Overall, every part of your home has a specific purpose, even if it’s not readily apparent. From your foundation to your rooftop, you’ll find bits of construction that obviously do something, though you’re not quite sure what. Take a walk around your house and get a better sense of how your home works with this selection of essential overlooked home features.

Flashing

When people think about roofs, they probably picture shingles first. But shingles are just the final touch. Roofs consist of several layers of material beneath the shingles, including wood, insulation, felt, and an ice and water barrier. One other thing you may notice on the roof is flashing, pieces of fitted metal—usually from thin sheets of lead, stainless steel, aluminum, copper, or zinc—found at the base of the chimneys, pipes, and other places where joints or separate pieces meet. Usually largely covered by shingles, you can still see exposed flashing here and there on the roof, keeping out water to protect the interior walls and wood and preventing mold.

Window Wells

Window wells, along with the basement windows they surround, serve several functions. Firstly, the window well wall keeps water, soil, vermin, and other unwanted things from getting into the house or pressing against and damaging the windows. Next, because your basement is built below ground level, they’re set up to bring the sunlight in—at least partially. They’re also, as required by the law and building codes, designed to provide a means of escape in case of emergency. Keep this in mind, as some people tend to treat their window wells as decorative rather than practical features. Don’t fill them with soil and try to grow anything down there; and if you do attempt to liven up the view from within the basement with greenery, don’t crowd the well. You might need to use it to get out some night!

Vent Pipes

Let’s head back to the roof! See those pipes sticking out here and there? Those are vent pipes and believe it or not they’re part of your plumbing system. While the chimney can take out the bad air from a fire or your HVAC system, vent pipes maintain air pressure in your plumbing.
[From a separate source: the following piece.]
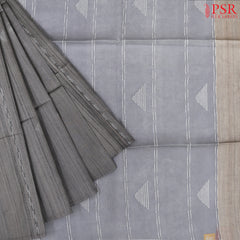 Dark Grey Kadhi Tussar Silk Saree
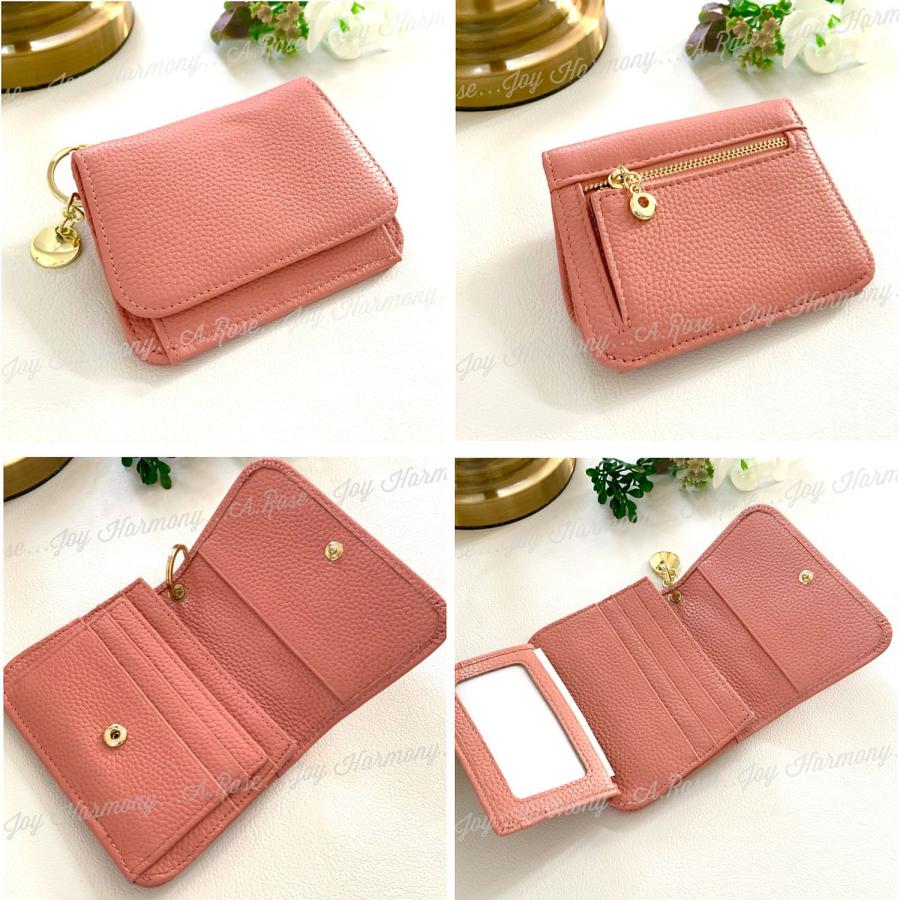ミニ財布 レディース 財布 二つ折り 本革 カードケース 小銭入れ 可愛い チャーム付き パステルカラー コンパクト | Joy Harmony | 17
Vent pipes let in fresh air and keep drains, well, draining away waste and grey water—while also removing bad air and odors.

Picture Hanging Rails

Picture hanging rails may not necessarily be essential overlooked home features, but they do lend a touch of class. Back in the good old days when walls were made of plaster and lathe rather than drywall, hanging a picture from a nail could turn into a big patching job. Picture hanging molding is a wood ledge that runs around the perimeter of a room, just below where the wall meets the ceiling, and are found mostly in older, pre-war homes. Removable hooks are hung over the lip of the rail, letting you suspend framed pictures with wires, lending a nostalgic look.